Building a Model for Predicting Professional CS:GO Match Outcomes (R)

This was my first ever machine learning project for my introduction to statistical machine learning class at UCSB. CS:GO was a favorite game of mine for years and while I hate the idea of gambling, it felt like an exciting opportunity to explore an area where I could develop something that might be able to produce positive EV. The heavy lifting and portion of this project that I’m actually proud of is the feature engineering. While it was certainly the most confusing and frustrating part (self-induced by being unorganized with my preprocessing), it was also the element that made me realize the creativity involved in data science for feature selection. On the modeling side of this, I definitely didn’t leave myself enough time and didn’t realize until far too late that somewhere in my preprocessing stage, I had leaked my response into my data resulting in horribly overfit models. I spent 36 hours desperately trying to identify where the response was leaked, but to no avail. This taught me how essential having an organized pre-processing stage for my data is (although it took another traumatic experience with my future chess projects to have the lesson really settle). Finally, reading back over this made me realize how horrifically I had presented this. If I were to redo this, there’s a lot I would do differently, but the presentation especially would need to be a 10000 times more readable and more organized.

Introduction

Counter-Strike (or CSGO/CS2 as it is commonly referred to as) is a popular first-person shooter which with its rise in popularity has had a pro scene grow in parallel to it. A classic problem within any professional scene (or really any event which is uncertain and has a large following) is being able to predict the outcome of the event usually for the purpose of betting. Additionally, the use of data science within professional sports has been growing so fora team to gain insights into what caused them to lose is of extreme importance.

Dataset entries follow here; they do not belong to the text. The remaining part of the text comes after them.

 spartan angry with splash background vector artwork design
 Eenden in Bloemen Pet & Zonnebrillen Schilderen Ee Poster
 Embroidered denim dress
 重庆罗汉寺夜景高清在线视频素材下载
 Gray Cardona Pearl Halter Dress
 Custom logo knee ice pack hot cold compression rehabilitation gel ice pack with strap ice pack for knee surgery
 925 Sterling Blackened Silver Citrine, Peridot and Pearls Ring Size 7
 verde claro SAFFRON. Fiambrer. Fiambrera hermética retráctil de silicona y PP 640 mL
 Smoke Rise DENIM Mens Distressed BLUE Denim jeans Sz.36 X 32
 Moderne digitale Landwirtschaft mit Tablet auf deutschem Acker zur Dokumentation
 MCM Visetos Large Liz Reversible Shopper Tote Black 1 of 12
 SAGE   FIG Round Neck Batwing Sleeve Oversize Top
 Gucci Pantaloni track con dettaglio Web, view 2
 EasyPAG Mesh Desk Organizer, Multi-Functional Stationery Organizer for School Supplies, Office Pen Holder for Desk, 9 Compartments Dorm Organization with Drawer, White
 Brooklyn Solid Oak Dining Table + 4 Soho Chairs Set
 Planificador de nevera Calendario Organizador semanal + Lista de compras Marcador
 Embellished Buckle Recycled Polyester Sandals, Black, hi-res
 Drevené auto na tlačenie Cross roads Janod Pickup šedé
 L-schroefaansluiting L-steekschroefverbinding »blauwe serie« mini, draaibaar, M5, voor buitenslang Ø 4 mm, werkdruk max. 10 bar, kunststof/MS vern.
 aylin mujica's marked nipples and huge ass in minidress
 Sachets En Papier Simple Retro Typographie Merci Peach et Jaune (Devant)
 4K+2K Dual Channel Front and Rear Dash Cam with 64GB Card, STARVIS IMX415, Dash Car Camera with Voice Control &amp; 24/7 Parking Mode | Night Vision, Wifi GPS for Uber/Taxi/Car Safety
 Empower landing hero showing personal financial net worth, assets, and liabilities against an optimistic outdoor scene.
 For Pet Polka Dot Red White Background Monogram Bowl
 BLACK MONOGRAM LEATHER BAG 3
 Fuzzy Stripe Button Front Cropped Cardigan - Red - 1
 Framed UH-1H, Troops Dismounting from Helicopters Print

Most matches in CSGO have multiple rounds which teams play. We will not be trying to predict overall match outcomes for this project, but rather individual match outcomes. While predicting the outcome of a match might seem like a highly daunting task, I tried to simplify it slightly in order to make it easier to think about the problem. There seemed to be three principle components as such:

Match Outcome = Relative Form + Map-Specific Features + Historical Matchup

Let’s break down exactly what I mean with each of these terms:
Relative Form: This is a measure of the difference in recent performance between the two teams. This ideally should be a measure of the trailing average across multiple relevant metrics that displays whether the form has been performing well or poorly.
Map-Specific Features: There are many different maps in CSGO and a team might be better on a certain map compared to others. Therefore there may be factors related to the match outcome that are map-specific.
Historical Matchup: When two teams face off, it might be the case that there are certain factors related to the two teams inconsideration and how they’ve historically performed against each other that exist independent of overall form and the map which need to be considered.

First we will load in our necessary packages and our dataset. The dataset we sourced was from aggregated from hltv.org by Mateus Dauernheimer Machado as a dataset available to be used on Kaggle.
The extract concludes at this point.